While the practice exists across the country, some quick calculations on a sample of homes in the top slice of the market in our area show that the difference between the advertised guide price versus what the property actually sold for, sees reductions ranging from 11% to a staggering 32% in one case, with most pitched around the 20% mark.
This differential signifies bad practice by some in a profession where the best of us are trying to fulfil our obligation to give expert – and that means realistic – advice to clients, whether they be purchasers or vendors.
Vendors feel in a vulnerable position in the current market and, of course, it’s only natural that they want to hear a guide price which cheers them. Ultimately, it’s the vendors’ call which guide price they agree to but is it right to leave a property languishing on the market for months because of a knowingly-inflated market appraisal? Albeit that, ultimately, the agent knows that in a few months time the price will have to be adjusted downwards.
It’s not enough that it’s morally and professionally wrong but it’s also ineffective and, unhelpfully, creates a log jam in an already sticky market.
Perhaps, the way agents’ fees are calculated - the percentage of the ultimate sale price – means those who overprice at the outset are really basing their calculations on what they know they will achieve down the line when they have to reduce the price to secure the sale. It’s a sale after all.
For such agents, the initial guide price makes the vendor feel good and once an instruction is secured not many vendors change agents. Much like the reason why many of us never switch bank accounts when we know we should, it’s an additional hassle to change agents. This leaves vendor and agent locked in a loveless marriage of convenience, after a relationship that promised the world when they first got together.
However, for those agents striving against this impediment of overpricing and for vendors who are being given bad advice, there is hope.

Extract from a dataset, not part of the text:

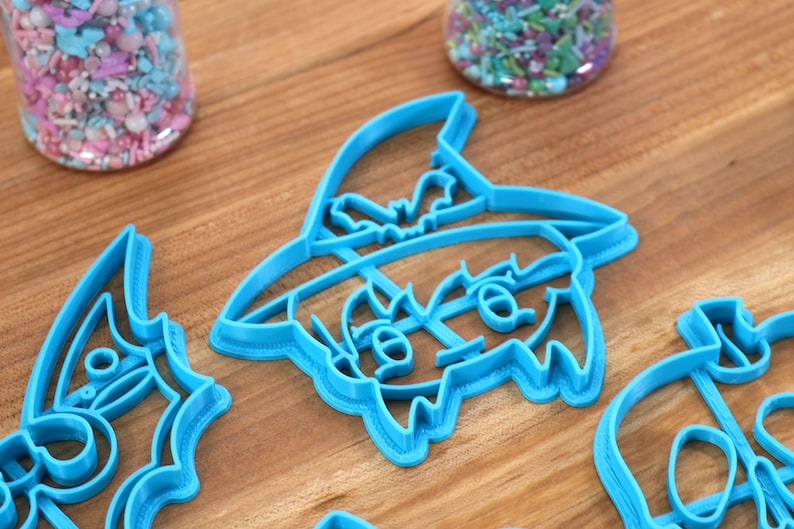 May include: A set of three blue plastic cookie cutters shaped like a witch, a bat, and a skull. The cutters are on a wooden surface.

The Office of Fair Trading (OFT) has put out to consultation, guidance in which the practice of “recommending an asking price in the market appraisal that is unrealistic given current market conditions (in order to gain an instruction)” is referenced as an example of breaking the law.
Breaches could mean a criminal record with, at Crown Court level, imposition of unlimited fines or up to two years’ prison sentence.
Food for thought for the culprits then, and seasonal cheer for vendors who are really serious about selling their property in 2012.